In antenna device 110 illustrated in Fig. 3, short-circuit element 130 connects ground member 70 and feeding element 23 to each other. However, short-circuit element 130 does not have to be connected to feeding element 23. Hereinafter, a modified example of an antenna device including a short-circuit element will be described with reference to Fig. 4. Fig. 4 is a schematic diagram illustrating an overall configuration of antenna device 110a according to a modified example according to the present exemplary embodiment.
As illustrated in Fig. 4, antenna device 110a according to the present modified example includes antenna element 20, auxiliary element 40, switch 50, ground member 70, and short-circuit element 130a, similarly to antenna device 110. Short-circuit element 130a according to the present modified example connect ground member 70 and low-band element 22 to each other. In addition, short-circuit element 130a is connected to low-band element 22 at a position closer to open end 22e than to a center of low-band element 22 in a longitudinal direction of low-band element 22. With this arrangement, feeding element 23, low-band element 22, and short-circuit element 130a constitute a folded antenna. This configuration makes it possible to further widen the resonance frequency band in the second frequency band of the antenna device 110a.

(Third exemplary embodiment)

An antenna device according to a third exemplary embodiment will be described. The antenna device according to the present exemplary embodiment is different from antenna device 10 according to the first exemplary embodiment in a configuration of the ground member.
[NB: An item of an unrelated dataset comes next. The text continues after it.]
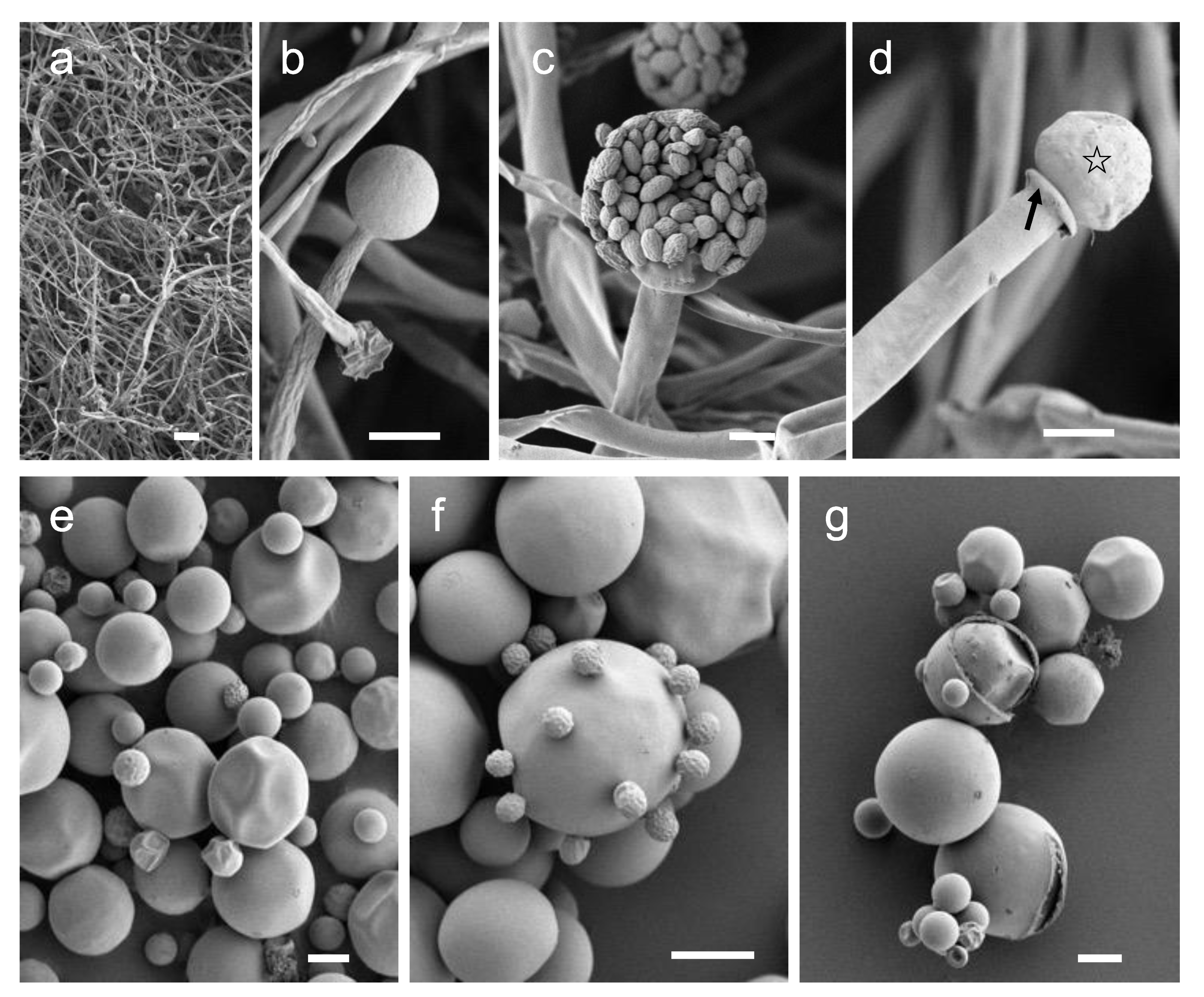 Jof 07 00995 g006 550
Hereinafter, the antenna device according to the present exemplary embodiment will be described mainly on differences from antenna device 10 according to the first exemplary embodiment.
An overall configuration of the antenna device according to the present exemplary embodiment will be described with reference to Fig. 5. Fig. 5 is a schematic diagram illustrating an overall configuration of antenna device 210 according to the present exemplary embodiment. As illustrated in Fig. 5, antenna device 210 according to the present exemplary embodiment includes antenna element 20, auxiliary element 40, switch 50, and ground member 270, similarly to antenna device 10 according to the first exemplary embodiment.
Ground member 270 according to the present exemplary embodiment includes coupling portion 271 disposed apart from open end 22e of low-band element 22 in the longitudinal direction of low-band element 22. Coupling portion 271 is disposed to face open end 22e of low-band element 22 in the longitudinal direction of low-band element 22. Auxiliary element 40 is disposed between open end 22e of low-band element 22 and coupling portion 271, and auxiliary element 40 is disposed adjacent to coupling portion 271 to be capacitively coupled to coupling portion 271. That is, auxiliary element 40 is capacitively coupled to both low-band element 22 and coupling portion 271. A distance between auxiliary element 40 and coupling portion 271 may be less than 1/100 of a wavelength corresponding to the one frequency f1 included in the first frequency band. This arrangement makes it possible to capacitively couple auxiliary element 40 and coupling portion 271 to each other reliably. By capacitively coupling auxiliary element 40 and coupling portion 271 to each other in this manner, harmonic components of low-band element 22 are propagated to coupling portion 271, which is a part of the ground member, via auxiliary element 40. That is, the harmonic components can be prevented from reaching switch 50 side connected to auxiliary element 40. Therefore, it is possible to largely reduce influence, caused by switching of the conductive state of switch 50, on the one frequency f1 included in the first frequency band.
Furthermore, in a case where auxiliary element 40 and coupling portion 271 are capacitively coupled to each other, the distance between auxiliary element 40 and coupling portion 271 can be shortened, so that antenna device 210 can be further downsized. In the present exemplary embodiment, the distance between auxiliary element 40 and coupling portion 271 is about 0.5 mm.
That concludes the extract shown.